= Carver Yachts =

American yacht builder

Carver was a yacht builder located in Pulaski, Wisconsin, United States. Their models ranged from 18 feet to 57 feet.

==History==
Carver Yachts was founded in 1954 in Milwaukee, Wisconsin, when Charles "Charlie" Carter and George Verhagen started building mahogany runabouts in a factory on South 27th. The popular myth that they started building boats in the backyard garage is not true. They were both long time marine industry people that decided to build boats rather than sell them through Carter's two marine dealerships in Green Bay and the Fox Valley. The pair later sold the business in 1963 to business partners Walter "Wally" Markham and Glen Nordin, both of whom had worked for Cruisers Yachts of Oconto, Wisconsin.
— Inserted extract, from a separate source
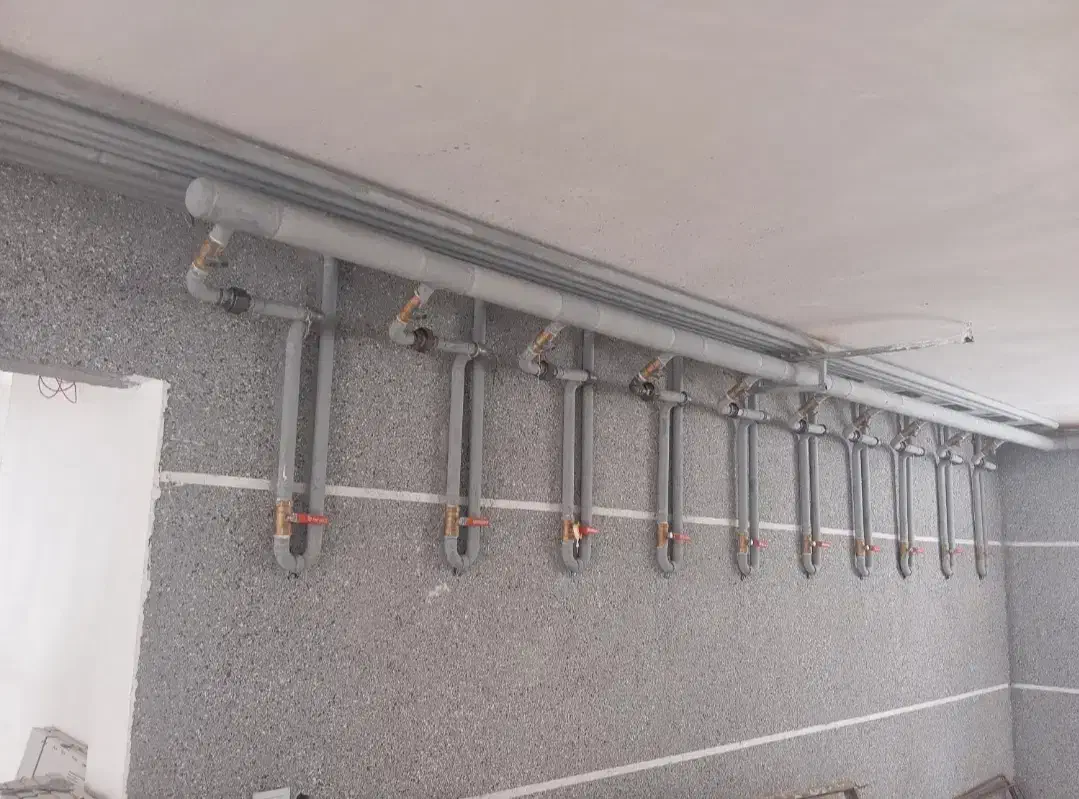 لوله کشی گاز و آتش نشانی|خدمات پیشه و مهارت|قم, نیروگاه|دیوار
Under their leadership the then-called Carver Boat Corporation transitioned to fiberglass based construction and expanded from a regional boat builder to an international company with worldwide sales.

In 2004 Carver started the Marquis Yachts line, which began with the 59 and 65 Motor Yachts. Over 100 of the 65 Motor Yachts were built from 2005 to 2008 in Pulaski, Wisconsin.

Carver was acquired by Marquis-Larson boat group. Carver Yachts permanently closed July 30, 2021.